Exploration is the drum beat of any intelligent, self-improving system.
Key: Red: visited locations. Yellow: Last path taken. Cyan: Lowest-density frontier.
Most modern AI systems are built on machine learning, and machine learning achieves nothing without good, comprehensive data about its task. That’s why I’ve written a new paper, Meta-learning to Explore via Memory Density Feedback, demonstrating an improved approach to autonomous exploration. Watch above as the new RL-based agent, able to see only its own current coordinates and output movements, nonetheless learns to rapidly probe various maze problems, pushing its frontier and returning to lesser visited areas along the way.
The innovation behind this agent is its use of memory and feedback to make intelligent decisions even when it has ventured beyond its training distribution. It uses reinforcement learning with an internally generated reward: roughly the negative probability density of what it sees now, given the distribution of what it has seen before. In other words, it is rewarded by unfamiliar experiences. But that alone is standard practice for exploration algorithms. Where this one differs is that it evaluates the familiarity of what it sees in real time. That familiarity score and the associated actions it took feed back to it as input. When the agent processes a good running memory of its inputs, it can feel its way around the landscape of familiar experiences. On simple maze tasks, the solution it learns is a bit like gradient descent over its own memory distribution.
This system has several benefits over the preeminent Go-Explore type algorithm. On tasks with fixed, repeatable paths (the left-hand video), its progress accelerates as it learns more efficient strategies. It learns to maximize the amount of new progress per episode, often showing large leaps into new areas. But suppose the task is not repeatable because the agent never restarts to a familiar point (center video).
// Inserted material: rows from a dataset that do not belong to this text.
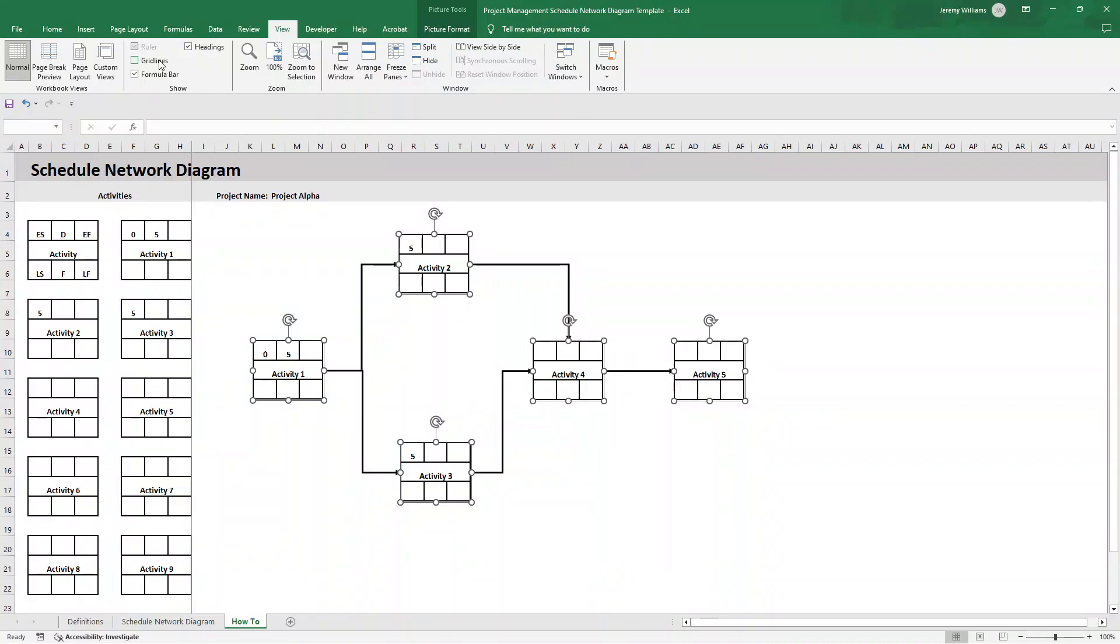So that's how to create a schedule network diagram in Excel. I hope this video has been useful. Any questions, comments, feedback, drop them down below. With that said, over to you. Best of luck. And I hope you have an excellent day.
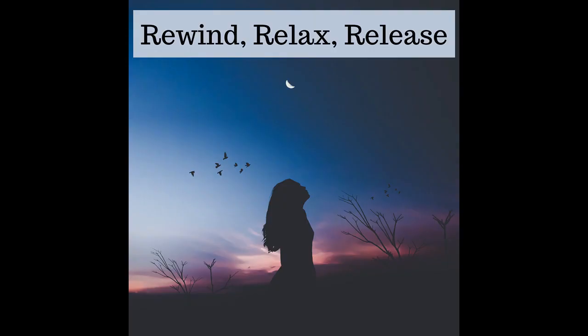Notice the sounds in the room. And when you're ready, open your eyes. Take a nice deep breath in. And let it go.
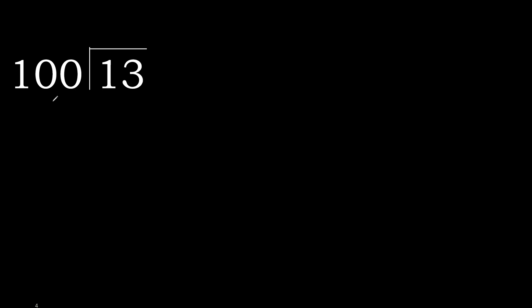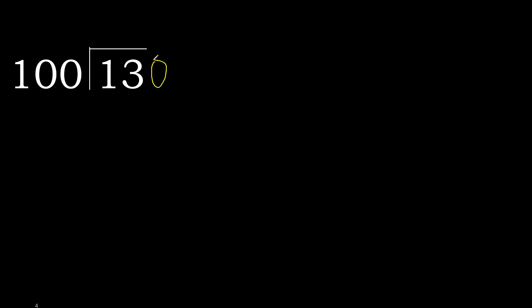13 divided by 100. 1 is less, therefore next. 13 is not less, therefore next. There is no number, therefore complete, always complete with 0. Here, 0 point.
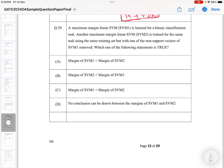So let's look at question number 29. The question asks: a maximum margin linear SVM1 is learned for a binary classification task. Another maximum margin linear SVM2 is trained for the same task using the same training data, but with one of the non-support vectors of SVM1 removed. Which of the following statements is true?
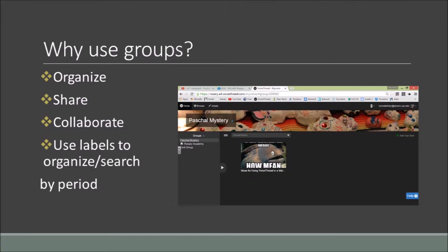The reason for using groups in VoiceThread is to organize your students' projects on your own page for your class. You can also use it to share with your students and have them collaborate and comment on each other's VoiceThreads.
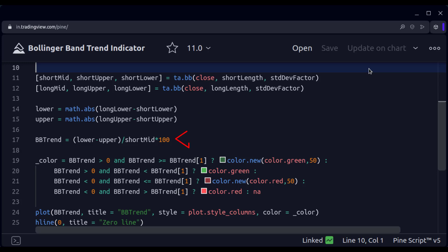Then we divide the difference of these values by the middle band of the shorter Bollinger Band and get its percentage value. This is our Bollinger Band Trend Value.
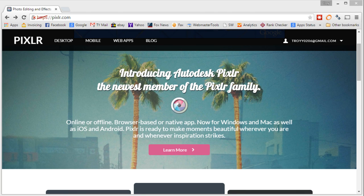In this video, we're going to do a quick tour of the Pixlr photo editing application. A lot of my videos show how to do things in Photoshop, but not everyone has Photoshop and it is a fairly expensive program.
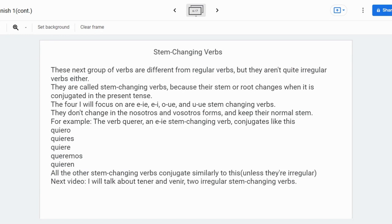In the next video, I will be talking about two irregular stem-changing verbs: tener and venir. I would consider them stem-changing verbs even though the nosotros form's stem doesn't change, but I still would, since most of their forms do change.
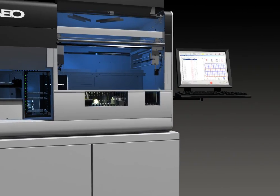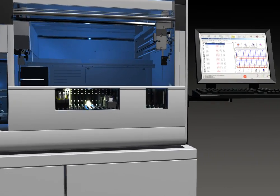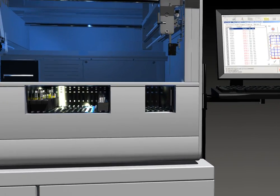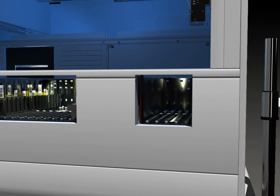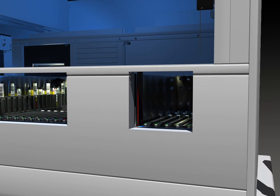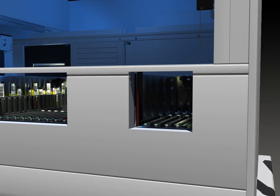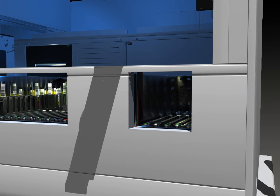In the front of the NEO, you can see the reagent and sample loading bays. Using linear racks which hold up to 16 samples each, NEO has the capacity to load up to 224 samples at one time.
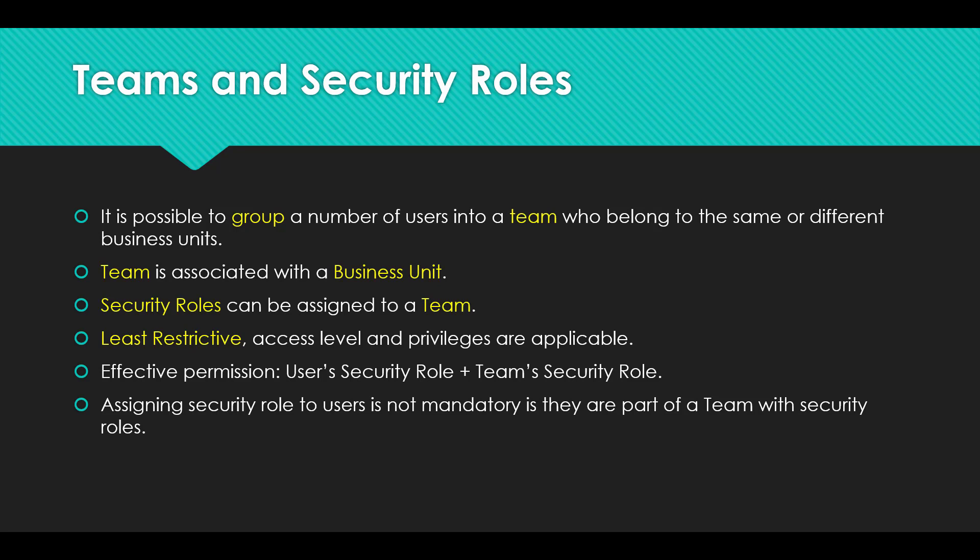So in that case, the least restrictive access level, that is more freedom, will be applied. For example, if a user has a security role assigned with read permission for accounts record, and the team security role has create permission for account record, then the effective permission would be create, that would be the end result.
In that case, the agent can use its training, memory, and feedback to backtrack and relocate unexplored paths. Suppose the task is not repeatable because the paths change unpredictably with every episode (right-hand video). The agent learns to rely less on the observations themselves, and more on the feedback it gets as it experiments with different actions. In that demo, you can see that as training goes on, its exploration progresses despite unpredictable re-arrangements of the walls.
There is another mechanism at play: offline reinforcement learning as planning. The training is just DQN, which involves replaying episodes and incrementing the value of each action that better maximized the temporally discounted* rewards. But when the initial hidden state of the replayed sequences is artificially set to be the explorer’s current state, this offline training doubles as a planning, synthesizing an action policy that will move the agent from its current location back to the frontier. By storing every episode that broke its own exploration record in a special, separate training database, it can re-train and plan on a stable recollection of the entire frontier. Lingering on a single goal direction too long does not cause it to forget previous, viable paths.
While the mazes above are crude, toy examples, they represent the general graph decision-making problem that RL agents are faced with. Take for instance, the same algorithm deployed to the RL testing game Crafter:
Of course, the goal of crafter is not to sprint around like a headless chicken, so the next steps are to decide on how to best balance Crafter’s reward system against the intrinsic exploration, such that the agent optimally alternates between them. Once integrated, the agent should train much faster, as its initial attainment of achievements and tools will no longer be totally left to chance.
*See Sutton and Barto for the complete RL basics.